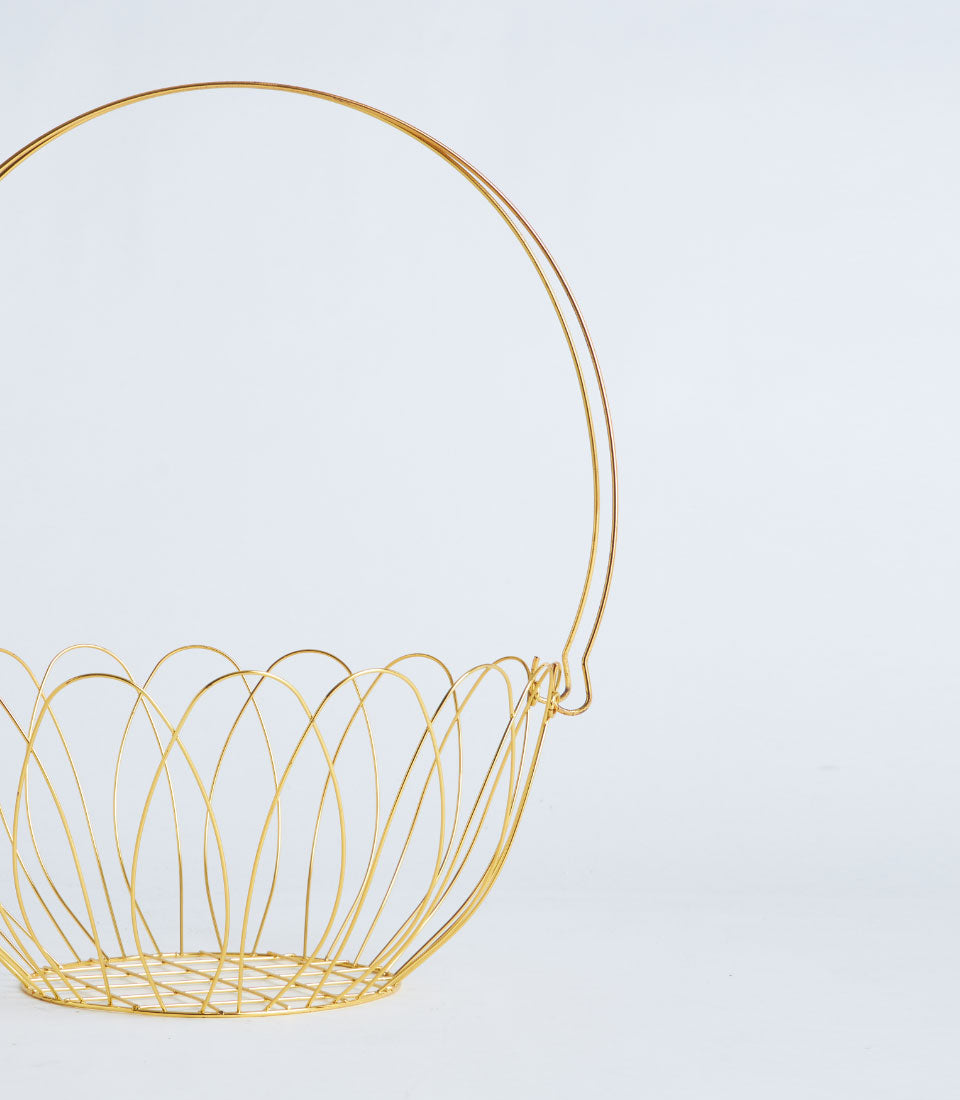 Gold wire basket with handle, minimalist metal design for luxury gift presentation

--

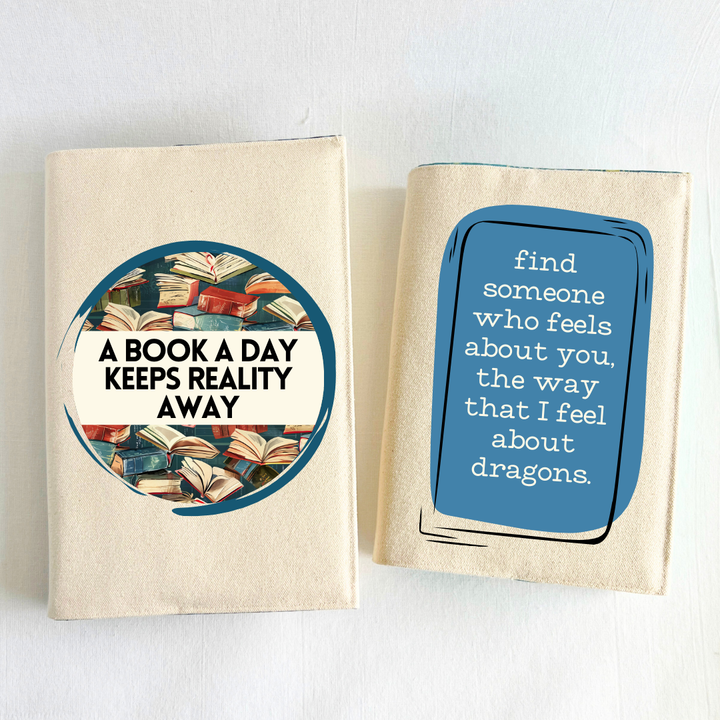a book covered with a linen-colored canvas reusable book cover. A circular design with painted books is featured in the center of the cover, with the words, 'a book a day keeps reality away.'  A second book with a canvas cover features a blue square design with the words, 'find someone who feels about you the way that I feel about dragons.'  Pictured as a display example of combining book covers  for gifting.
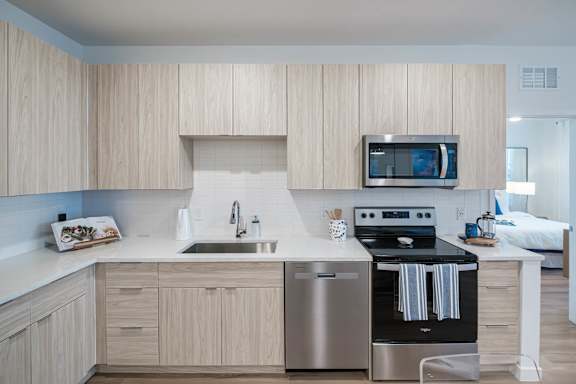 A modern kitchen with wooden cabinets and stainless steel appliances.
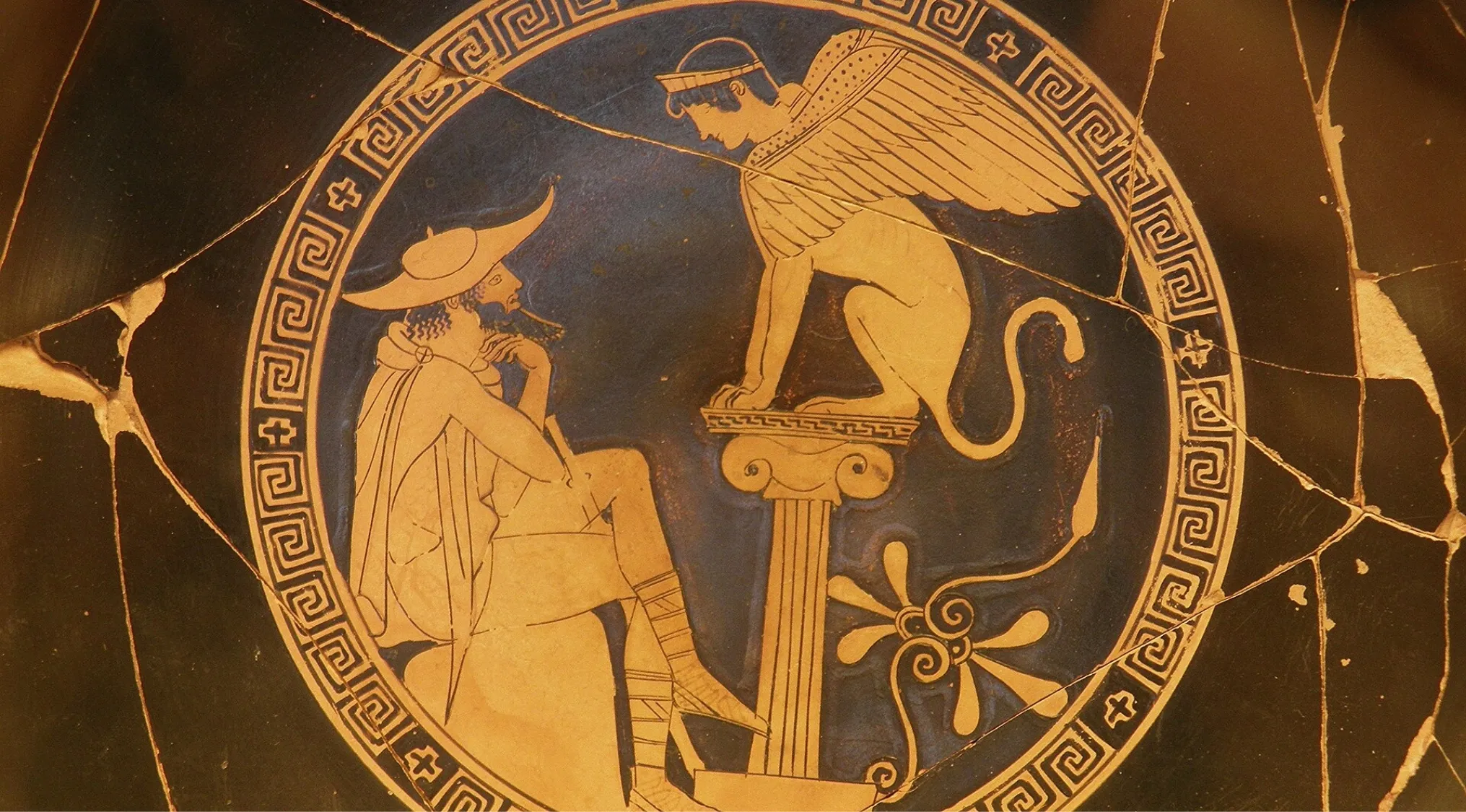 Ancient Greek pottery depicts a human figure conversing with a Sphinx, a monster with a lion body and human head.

==

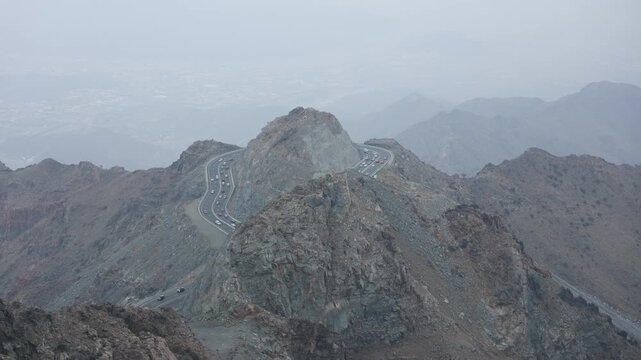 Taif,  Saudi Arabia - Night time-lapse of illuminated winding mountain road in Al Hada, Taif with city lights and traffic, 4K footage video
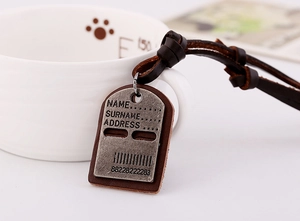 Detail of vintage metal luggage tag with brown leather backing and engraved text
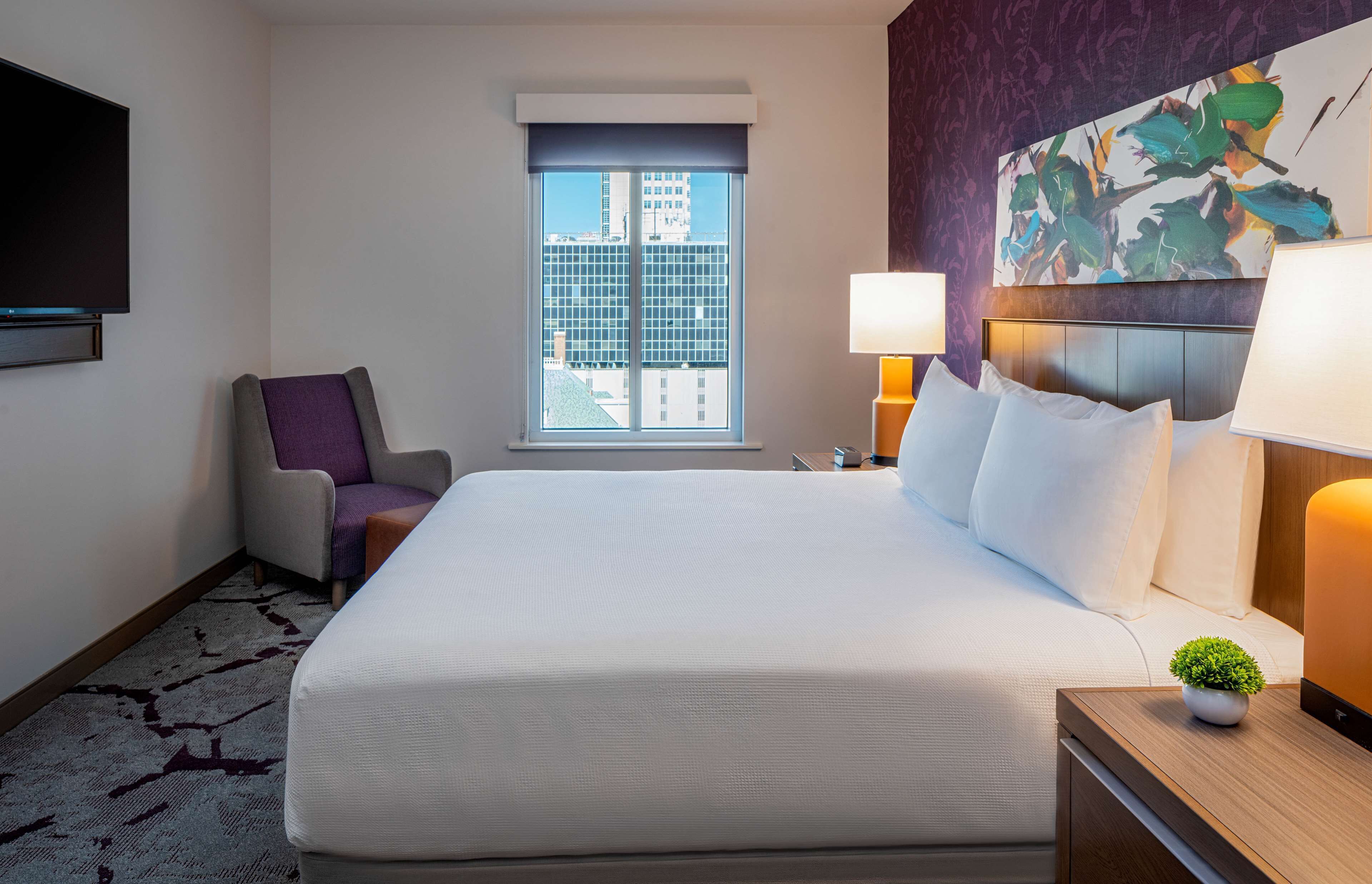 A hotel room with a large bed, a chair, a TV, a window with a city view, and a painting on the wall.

What is expected >>
All pictures are to be skipped. Output, word for word, the lines in the data above starting at the line containing "Detail of vintage" and ending at the line containing "A hotel room".

Task answer >>
 Detail of vintage metal luggage tag with brown leather backing and engraved text
 A hotel room with a large bed, a chair, a TV, a window with a city view, and a painting on the wall.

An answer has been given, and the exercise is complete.